I would strongly advise performing high rep squats (particularly bench mark tests) TO A BOX. Depending on your height and hip mobility (we don't want anyone blowing out a disc), a box height of 14-20 in. is advised. If you are shorter with good hip mobility, squat to a 14 in. box. If you are taller and/or have hip mobility issues (your tailbone tucks under), I'd advise squatting to a 16-20 in. box.

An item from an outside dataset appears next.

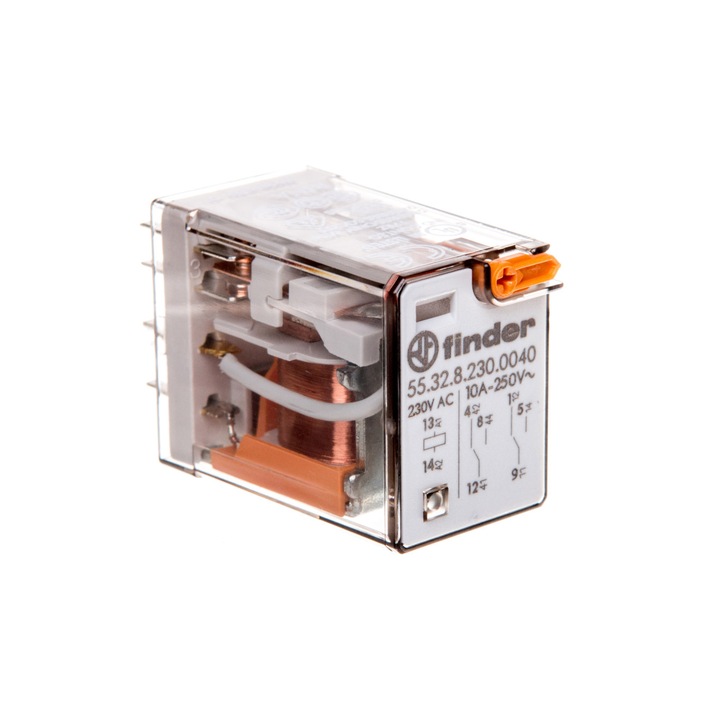 Releu miniatural, Finder, 2P, 10A, 230V, AC, Cu buton, Alb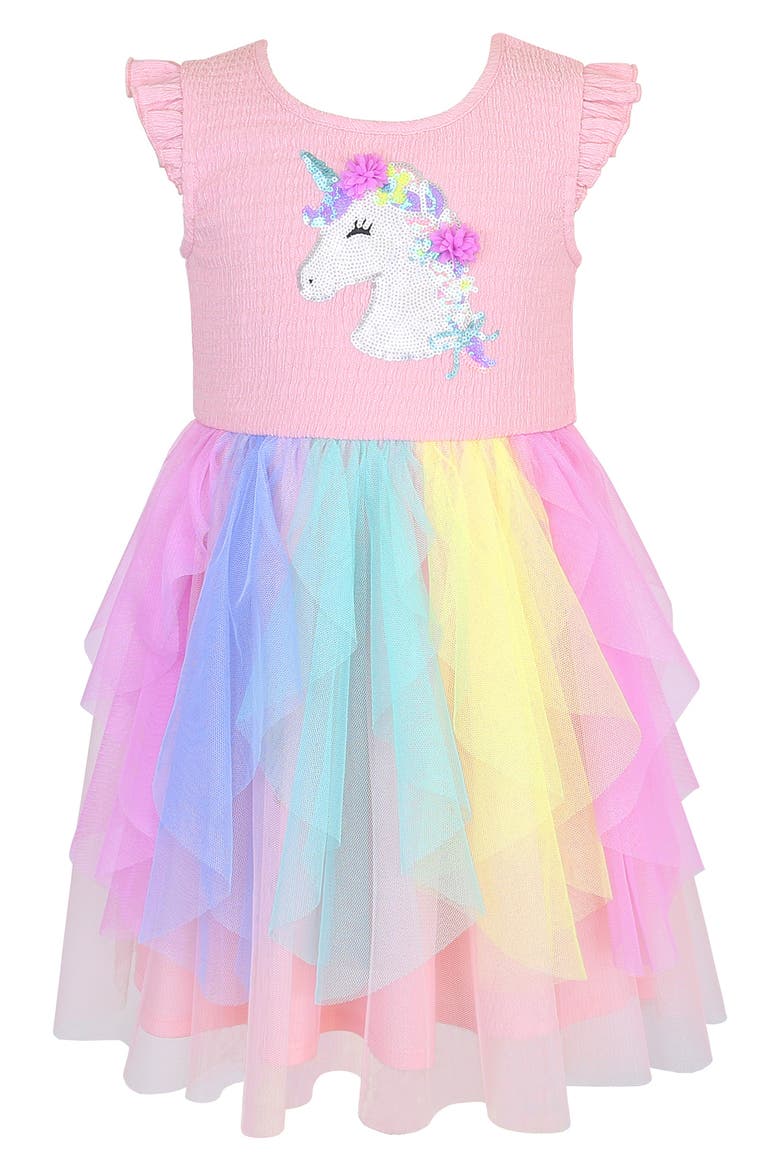 Kids' Unicorn Sequin Tulle Dress, Main, color, PINK MULTI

Notice I said to a box and NOT box squats. Squatting to a box with a very light touch is very different than performing a box squat where you actually sit down and slightly unload onto a box, which breaks up the stretch shortening cycle. All we are looking for here is a way to ensure adequate depth, which is to be replicated on each rep, without getting hurt. I like this method because many people who get deeper into a set of high rep squats begin to cut their depth short. Squatting to a box ensures you are doing the same amount of work on each rep.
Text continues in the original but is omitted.